Let's grab our data and take a look at it. (I did some basic cleaning and removed irrelevant rows in Google Sheets prior to importing, but that isn't strictly necessary for any of this).

In [2]:
import pandas as pd
import numpy as np

# Import the SEMRush export and skip the extraneous rows it has at the top 
df = pd.read_csv('skill-ranks.csv', skiprows=7)
# rename the columns and drop the useless one
df.columns = ['keyword', 'rank', 'dtype', 'url', 'difference', 'tags', 'cpc', 'volume']
df = df[['keyword', 'rank', 'url', 'tags', 'cpc', 'volume']]

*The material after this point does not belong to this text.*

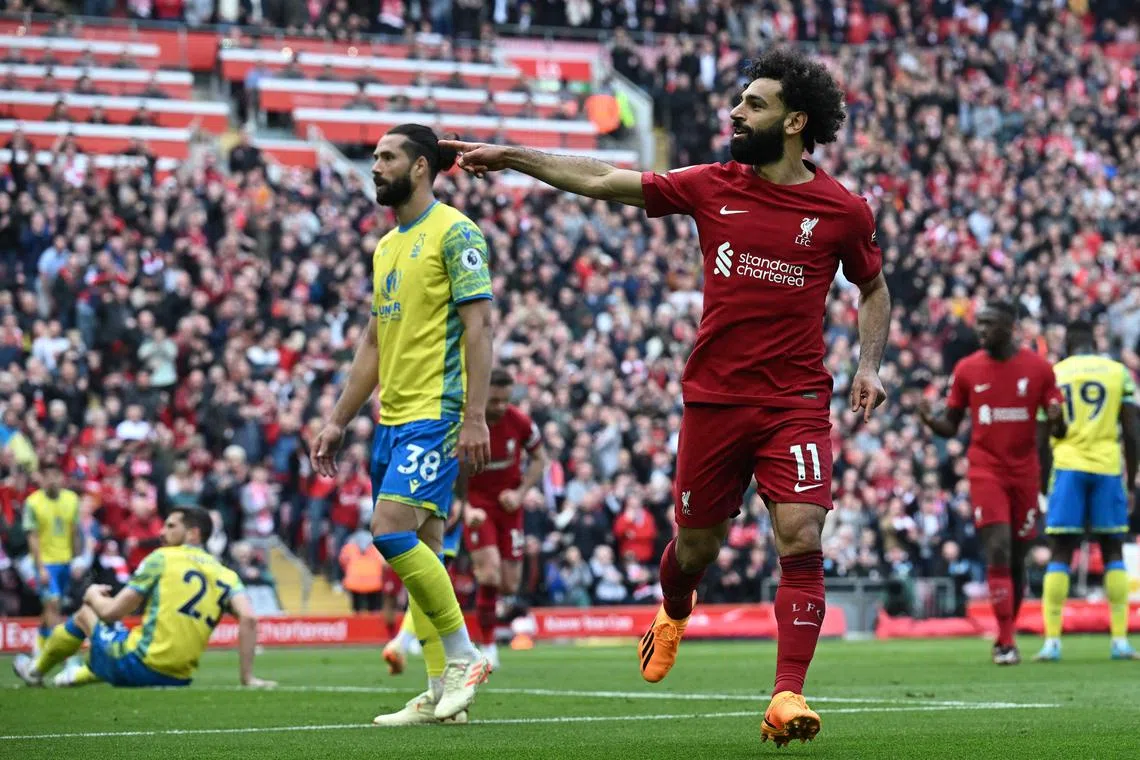 Liverpool's Mohamed Salah celebrates after scoring their third goal against Nottingham Forest.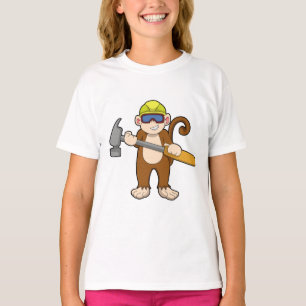 Affe als Handwerker mit Hammer T-Shirt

# double-checking it worked right by looking at the output
df.head(2)

Unnamed: 0,keyword,rank,url,tags,cpc,volume
0,learn data science,1,https://www.dataquest.io/blog/learn-data-science/,career-builder|q3top10|tier1,7.37,880.0
1,python api tutorial,1,https://www.dataquest.io/blog/python-api-tutor...,api|python|skill-python-apis-scraping|tier3,1.97,390.0


The way SEMRush handles tags in exports is kind of annoying, but we can live with it. We've got a bunch of different skill paths, and we could use str.contains to separate each of them into a separate, smaller dataframe, like so:

In [3]:
#commented out because we don't need to run this, it's just some info on an alternate method.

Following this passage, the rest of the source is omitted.